Zur Funktion des Mythos im Jazz der 70er Jahre
Soziokulturelle Aspekte eines musikalischen Phänomens, dargestellt an der ästhetischen Konzeption des "Art Ensemble of Chicago"
The inter-disciplinarily motivated analysis shows how in the "Great Black Music" of the "Art Ensemble of Chicago", a rationality of new Jazz has established itself. This rationality is newly determined by a theory of cognition and cultural-philosophical aspects. These cognitive principles are also at work in daily life experiences and reveal themselves in new forms of Jazz productions and presentations, as well as in a continuous socialization of the cultural domain, and in altered reception behaviour. The "Great Black Music" has developed, in its aesthetic quality, a ritual of sound – a new picture language. In the symbolism of non-alienated musical behaviour, a new type of engaged cognition is realized, and this new type aims towards the insoluable merging of experience and sensory events.
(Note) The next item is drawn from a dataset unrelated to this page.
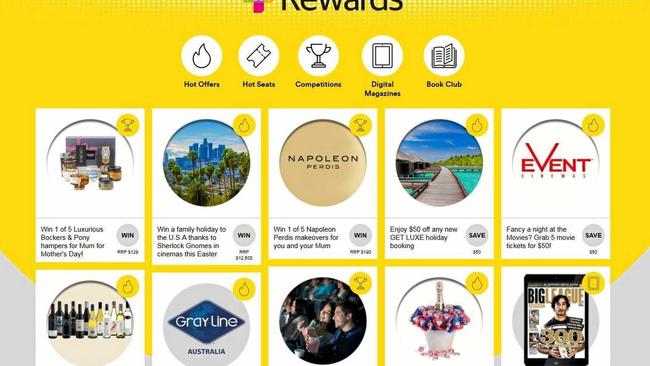 There are some great offers each month as part of the +Rewards program for digital subscribers.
The cognitive theory's grid system of modern mythical concepts provides a new level of interpretation, which further makes possible an ideological criticism of a technocratic estranged perception in Jazz. The ritual of improvisational sound creation is in its physical gesturing for the "Art Ensemble of Chicago" not only an application of myth (compare mythic time structure, pictorialness of myths) but, at the same time, a relevant, meaningful continuum, in which the consistency of event-oriented practice and the perception of social complexity, with emotional connotations, express themselves. Along with the musical concepts, is also shown how the"Great Black Music" is directed against an atrophy of aesthetic perception, and calls for a critical cultural awarenes, in order to experience Art through archaic sound patterns. Jazz is, therefore, understandable as a means of social phantasy, which struggles against the blind fate of sensuousness.